The conclusion of Is This The Life We Really Want? similarly emphasizes the need for change. Across the final three tracks, Waters chronicles the reunification of the singer with a woman. Almost a divine feminine, this figure represents the pull of empathy. At their meeting, the part of the singer that is “bloodthirsty, blind, mindless, and cheap” dies. That death saves from a life of hollowness. He sings, “It would be better by far to die in her arms than to linger in a lifetime of regret.” Though Waters idealization of a feminine other, who can pull him from sleep and complacency, comes with its own problems, it reminds me of my relationship with my queerness. We talk about “being born this way” or not being able to help ourselves, but living is always a choice. Many queer people have lived in the closet entirely while many others have been erased by history. We have to choose to push into the world. To change our names, our pronouns, and to love those who love us. Furthermore, we have a choice to not just be compliant, a choice to not disappear behind veneers of proper relationships or political normalcy. We can be strange, bold, and ourselves. Embracing this means embracing the woman I could become, if I would let myself.

Becoming, though, means disrupting. My name cannot just change on a whim like a twitter handle or a username. I must change it. I must push myself into the world, break its borders. I must be in the world and be. I cannot let the world wash over me.

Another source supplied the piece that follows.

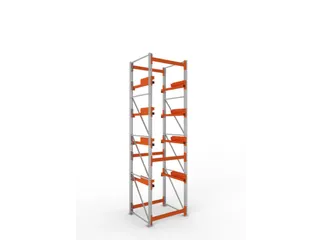 kabelhaspelstelling,MULTIPAL,grondveld,HxBxD 4400x1270x1100mm - 2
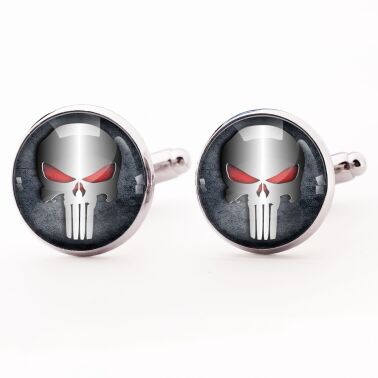 Manschettenknöpfe Punisher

As much as I sometimes want to stay static, I know that I must move. Dare to be myself on my own terms. The planet is dying, our structures are built on lies and violence. Everyday I see the ways the world breaks over itself, the way violence is mirrored in all our lives, and how difficult that can be to escape. But there is another answer. I am still in the world, and with that terror comes power. With that recognition can come righteous anger. I can cease to be who I was and become more than who I am.

A polygonal Aerith Gainborough, from the original Final Fantasy VII, looks directly at the camera. In her eyes

At the end of Final Fantasy VII, Cloud and crew don’t know if they are too late. The planet might already be dead and whatever they do is only a slowing, but they still push forward. As Cloud comes to understand who he is, not a macho man or a solider, but a sensitive person who has lived through tremendous violence, he pushes outside himself. It is too terrifying not to, knowing what he could otherwise become. Final Fantasy VII’s ending is ambiguous. The world survives, but not as we knew it. Healing has happened, but maybe not for us. I don’t know that that matters. I am still taking the invitation to live beyond myself, to “bury my old soul and dance on its grave.” Come what may, I know it will be better than lingering in self-doubt and distance.

The more I write, the more I know the perils of transcribing media onto one’s own life and morals. I also know the power of claiming stories as our own, to tell anew, to rewrite, to build beyond, or even just as a marker that we are not alone. All the things I consumed in 2019 could not quite envision themselves beyond the capitalism they were produced in. But they did point to a new self, refusing to linger in doubt and let empty tradition linger. I want old things to die, so new things can grow. I want the idle parts of me to die, because to live is to disrupt. So let’s break shit, wear dresses, and plant flowers.